Tuesday, July 9, 2013

Observing 'Lone Ranger'

Observing 'Lone Ranger'

For more information, visit After 'Lone Ranger,' Disney may not be willing to take risks

It's the archetype that doesn't connect. An opinion sure. But the western has to be reinvented, refitted and revitalized. It's hero must have a modern appeal. 

I have not taken western film studies. At-a-glance, it's about the frontier and the contrast between country and the city. It's about lawlessness and the lawman, a metaphor for the internal war for civility. It's also about mastering a new landscape despite the ethical complications resulting from going where you are not invited - the trouble with manifest destiny is that where you're manifesting may not be the destiny pursued by all involved. Keeping an internal barometer for justice and humanity against the wilderness both without and within nails this idea. Aesthetically we define the western with the horses, the guns and the seedy towns.

The Lone Ranger might have done better if it wasn't called "the lone ranger." The fact that Johnny Depp was listed first is confusing in the first few seconds you need to apprehend interest. Focus on the style, the macabre, the danger of the frontier - focus on the story and let the 'lone ranger' title be revealed before the credits role at the END of the film. Let today's audience rediscover it. It think this is where it went wrong.

As for the internal check against external extremes I was mentioning above, the next "new" frontier is in space, but hollywood keeps making it a supernatural horror or an invasion film or a monster show. In contrast, the human element is becoming more apparent, in zombie films, as the significant threat and it's always been subtly underscored in sci-fi to be the real focus, although the visuals can confuse the matter. I'm not a Star Trek fan...yet. But even this franchise appears significantly 'western' and is successful for it. Disney should reassess the $250 mil gamble only if so to remember that buying your viewership is plain lazy.

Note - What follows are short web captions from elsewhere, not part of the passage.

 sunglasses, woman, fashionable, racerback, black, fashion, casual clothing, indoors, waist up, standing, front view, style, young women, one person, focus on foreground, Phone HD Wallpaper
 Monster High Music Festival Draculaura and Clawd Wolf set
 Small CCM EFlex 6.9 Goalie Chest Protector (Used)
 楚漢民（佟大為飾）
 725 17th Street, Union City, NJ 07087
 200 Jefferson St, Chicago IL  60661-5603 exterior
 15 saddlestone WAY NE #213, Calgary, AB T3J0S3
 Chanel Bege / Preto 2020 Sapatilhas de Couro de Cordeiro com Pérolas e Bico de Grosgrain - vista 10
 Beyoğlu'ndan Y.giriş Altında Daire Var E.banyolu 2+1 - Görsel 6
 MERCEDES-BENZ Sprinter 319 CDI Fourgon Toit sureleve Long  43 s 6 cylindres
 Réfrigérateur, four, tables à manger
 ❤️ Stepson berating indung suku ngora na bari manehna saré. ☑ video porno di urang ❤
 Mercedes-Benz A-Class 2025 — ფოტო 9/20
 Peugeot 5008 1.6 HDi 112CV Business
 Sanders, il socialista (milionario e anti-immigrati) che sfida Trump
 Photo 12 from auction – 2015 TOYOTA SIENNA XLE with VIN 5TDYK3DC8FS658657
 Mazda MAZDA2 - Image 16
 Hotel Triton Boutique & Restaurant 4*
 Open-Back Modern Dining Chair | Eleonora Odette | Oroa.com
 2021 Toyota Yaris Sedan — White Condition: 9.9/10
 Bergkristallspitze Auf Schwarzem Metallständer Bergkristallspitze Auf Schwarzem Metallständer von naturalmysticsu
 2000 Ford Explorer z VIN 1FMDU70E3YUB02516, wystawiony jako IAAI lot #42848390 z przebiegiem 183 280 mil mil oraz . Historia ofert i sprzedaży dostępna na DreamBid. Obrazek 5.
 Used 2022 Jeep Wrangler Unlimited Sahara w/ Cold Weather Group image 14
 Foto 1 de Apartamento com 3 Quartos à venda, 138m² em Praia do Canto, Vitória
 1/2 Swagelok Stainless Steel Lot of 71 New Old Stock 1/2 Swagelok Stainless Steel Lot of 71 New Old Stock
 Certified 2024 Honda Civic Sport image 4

Lets get what we came for,
C.M. Sanchez III

[ADDENDUM: I reviewed the MPAA figures for 2012 and realized that 5% of the MPAA registered films were responsible for 50% of domestic gross.  That's the top 25 out of approximately 500 films doing carrying half the load.  So playing off of old tropes is probably smart, not lazy.  But it's certainly fearful and under the pressure of feeding the beast of a $10-12 billion industry.  Risk doesn't exactly make sense either so far as the blockbuster machines are concerned.]